**YOUR OBJECTIVE:** The material below holds the lines to copy: from the one with "Adidas Men's Own" up to and including the one with "QR-code link către meniul Deep". Copy them exactly and skip the pictures.

**DATA FOR THE TASK:**
*-*-*
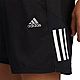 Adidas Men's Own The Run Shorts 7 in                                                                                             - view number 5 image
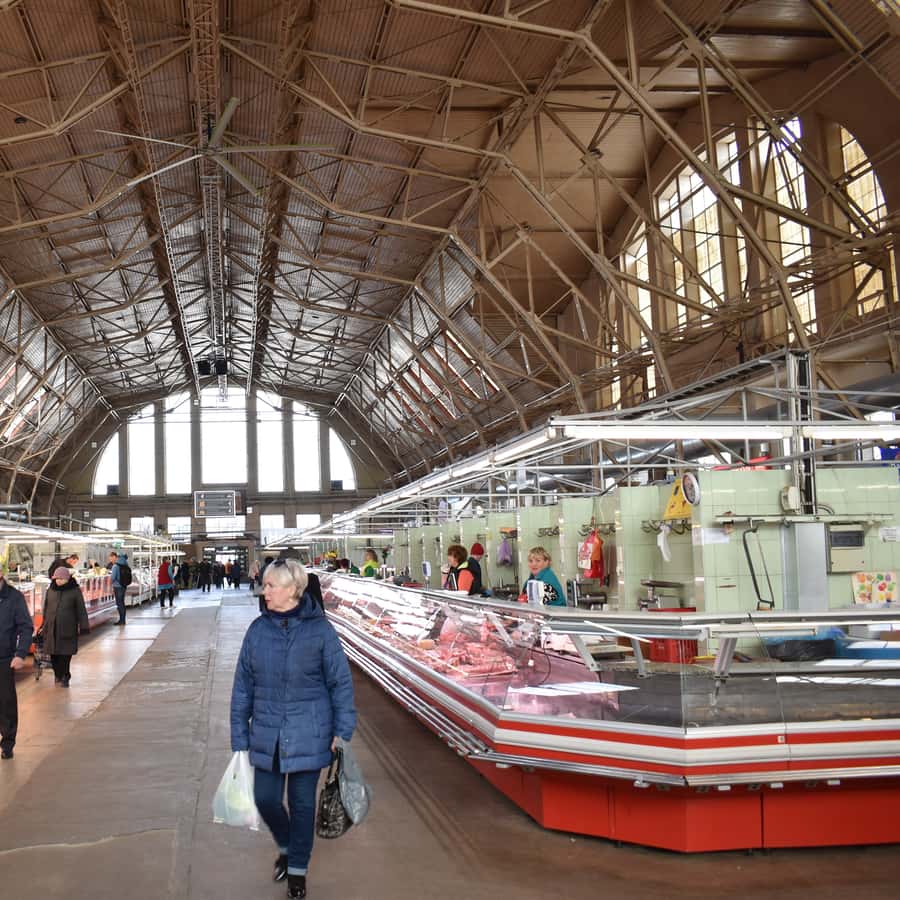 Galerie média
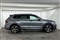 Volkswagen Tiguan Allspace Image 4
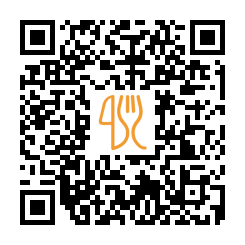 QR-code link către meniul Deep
*-*-*
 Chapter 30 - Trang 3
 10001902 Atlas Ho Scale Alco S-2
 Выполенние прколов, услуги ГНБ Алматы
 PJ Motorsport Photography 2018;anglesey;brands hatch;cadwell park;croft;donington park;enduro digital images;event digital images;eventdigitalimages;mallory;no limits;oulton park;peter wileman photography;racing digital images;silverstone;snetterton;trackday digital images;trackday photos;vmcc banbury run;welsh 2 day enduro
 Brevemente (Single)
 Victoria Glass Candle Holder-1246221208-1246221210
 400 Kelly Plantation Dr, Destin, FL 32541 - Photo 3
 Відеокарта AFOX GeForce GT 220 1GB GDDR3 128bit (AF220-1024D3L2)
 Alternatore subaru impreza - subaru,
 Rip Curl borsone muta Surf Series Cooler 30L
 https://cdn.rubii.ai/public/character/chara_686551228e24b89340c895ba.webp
*-*-*
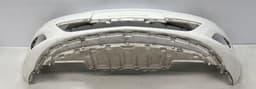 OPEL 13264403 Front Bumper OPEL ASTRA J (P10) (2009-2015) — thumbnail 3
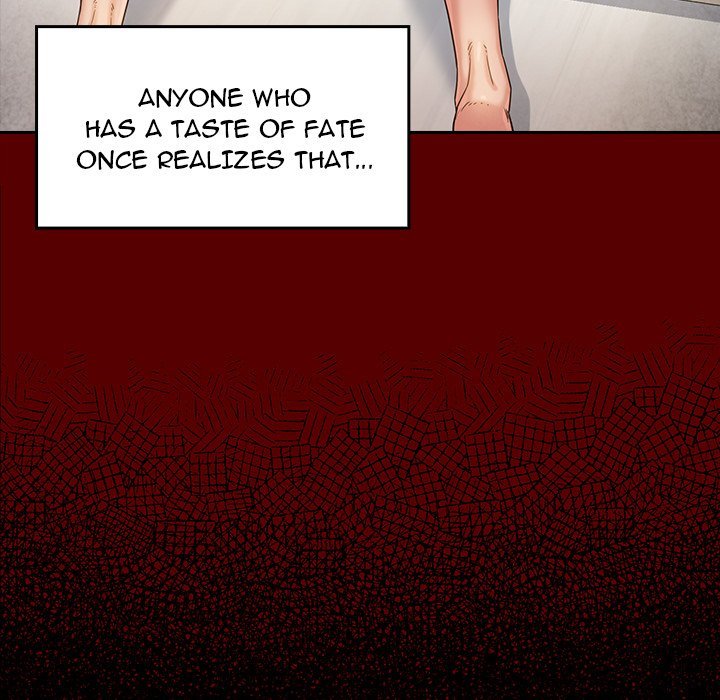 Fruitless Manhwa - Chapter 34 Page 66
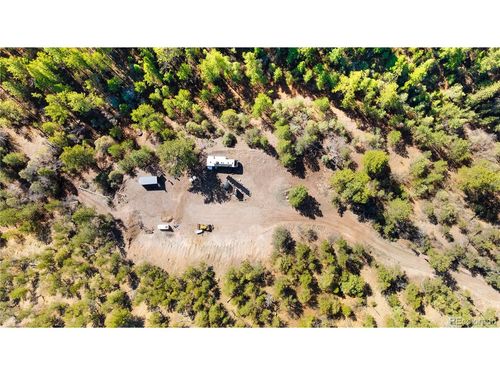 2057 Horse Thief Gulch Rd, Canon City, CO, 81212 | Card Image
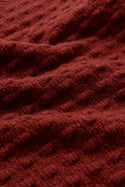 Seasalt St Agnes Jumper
*-*-*
**EXERCISE ANSWER:**
 Adidas Men's Own The Run Shorts 7 in                                                                                             - view number 5 image
 Galerie média
 Volkswagen Tiguan Allspace Image 4
 QR-code link către meniul Deep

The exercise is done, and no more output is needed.